ICCAI 95 article
Facing this complexity, the distance tutor cannot set up conditions which guarantee efficient collaborative learning. He should rather stop investigating collaborative learning at a general level and refer to more precise interaction processes which may or may not occur during collaboration. Hence our conclusion is that the only way to achieve partial control of learning effects is monitoring closely the interactions and check whether they offer a potential for at least some of the mechanisms that we have presented.
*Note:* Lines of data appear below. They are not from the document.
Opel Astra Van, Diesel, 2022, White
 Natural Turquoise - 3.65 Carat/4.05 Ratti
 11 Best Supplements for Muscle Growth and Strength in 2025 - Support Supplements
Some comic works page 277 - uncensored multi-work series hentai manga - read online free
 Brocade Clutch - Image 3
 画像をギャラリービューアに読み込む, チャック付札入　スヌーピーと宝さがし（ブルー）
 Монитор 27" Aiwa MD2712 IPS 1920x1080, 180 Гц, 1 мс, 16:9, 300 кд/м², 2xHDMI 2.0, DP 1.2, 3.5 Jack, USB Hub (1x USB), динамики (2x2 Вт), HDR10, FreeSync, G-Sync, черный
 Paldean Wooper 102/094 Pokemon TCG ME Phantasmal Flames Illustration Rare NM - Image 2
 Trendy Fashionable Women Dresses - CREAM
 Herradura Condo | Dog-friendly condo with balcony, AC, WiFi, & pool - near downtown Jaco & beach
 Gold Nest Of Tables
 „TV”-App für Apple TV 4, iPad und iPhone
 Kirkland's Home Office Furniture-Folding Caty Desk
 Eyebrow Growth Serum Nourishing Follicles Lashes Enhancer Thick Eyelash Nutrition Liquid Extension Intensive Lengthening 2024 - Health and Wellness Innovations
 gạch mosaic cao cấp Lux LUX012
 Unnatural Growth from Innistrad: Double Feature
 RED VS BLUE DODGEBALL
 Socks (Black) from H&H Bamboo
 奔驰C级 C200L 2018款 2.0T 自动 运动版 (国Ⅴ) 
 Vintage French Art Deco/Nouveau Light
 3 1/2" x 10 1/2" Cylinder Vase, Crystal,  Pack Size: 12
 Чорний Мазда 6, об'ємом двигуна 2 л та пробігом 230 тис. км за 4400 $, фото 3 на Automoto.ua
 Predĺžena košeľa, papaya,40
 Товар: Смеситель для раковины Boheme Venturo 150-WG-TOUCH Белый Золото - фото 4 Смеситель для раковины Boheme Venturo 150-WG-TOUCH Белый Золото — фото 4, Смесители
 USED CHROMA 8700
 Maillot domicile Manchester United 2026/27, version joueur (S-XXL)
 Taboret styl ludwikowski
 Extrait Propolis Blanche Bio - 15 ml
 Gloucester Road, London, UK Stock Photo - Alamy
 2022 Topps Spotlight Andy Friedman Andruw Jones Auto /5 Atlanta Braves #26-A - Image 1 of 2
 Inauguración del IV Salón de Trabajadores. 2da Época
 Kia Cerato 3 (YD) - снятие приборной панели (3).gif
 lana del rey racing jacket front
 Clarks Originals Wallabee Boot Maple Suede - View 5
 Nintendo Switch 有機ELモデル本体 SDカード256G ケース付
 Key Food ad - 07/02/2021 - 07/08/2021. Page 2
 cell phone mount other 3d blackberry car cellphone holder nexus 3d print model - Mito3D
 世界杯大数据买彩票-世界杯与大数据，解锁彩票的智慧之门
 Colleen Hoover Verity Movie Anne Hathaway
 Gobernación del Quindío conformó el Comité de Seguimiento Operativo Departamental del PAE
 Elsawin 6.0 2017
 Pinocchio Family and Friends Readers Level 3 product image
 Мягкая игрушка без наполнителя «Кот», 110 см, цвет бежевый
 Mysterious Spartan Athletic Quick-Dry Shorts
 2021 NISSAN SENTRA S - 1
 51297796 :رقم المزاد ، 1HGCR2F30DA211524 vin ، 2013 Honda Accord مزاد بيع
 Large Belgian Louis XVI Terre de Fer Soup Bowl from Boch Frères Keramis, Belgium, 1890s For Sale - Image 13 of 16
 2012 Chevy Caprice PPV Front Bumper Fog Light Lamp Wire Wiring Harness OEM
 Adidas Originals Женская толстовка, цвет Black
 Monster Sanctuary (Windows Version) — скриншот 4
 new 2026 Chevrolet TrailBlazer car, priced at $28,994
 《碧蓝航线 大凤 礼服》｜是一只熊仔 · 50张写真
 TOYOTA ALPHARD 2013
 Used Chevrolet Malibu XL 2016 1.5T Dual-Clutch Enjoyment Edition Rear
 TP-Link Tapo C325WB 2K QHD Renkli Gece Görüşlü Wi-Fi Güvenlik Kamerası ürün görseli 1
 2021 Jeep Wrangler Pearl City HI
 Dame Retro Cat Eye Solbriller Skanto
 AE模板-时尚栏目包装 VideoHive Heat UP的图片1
We would like to emphasize a second idea which underlies the work presented here. Under the label 'collaborative learning', most research actually focuses 'learning through collaborative problem solving'. Most of the mechanisms we presented may only occur if two or more individuals are engaged into some activity which forces them to maintain some agreement and to reach eventually a shared solution. These results do not concern experiments in which subjects would roughly be left free to talk about whatever they want. Current discussions of Internet-based tools focus often on people sending messages, but neglect the reason why they communicate. Even if individuals have such reasons, the effects we reported in this paper only concern goal-directed collaboration. In such settings, individuals are somewhat 'glued' into a single shared cognitive system by the fact that they are engaged into a convergent attempt to solve a problem. Therefore, more effort has to be spent on integrating collaboration features found in Computer Supported Cooperative Work (CSCW) tools into communication and information software available for "masses" on the Internet.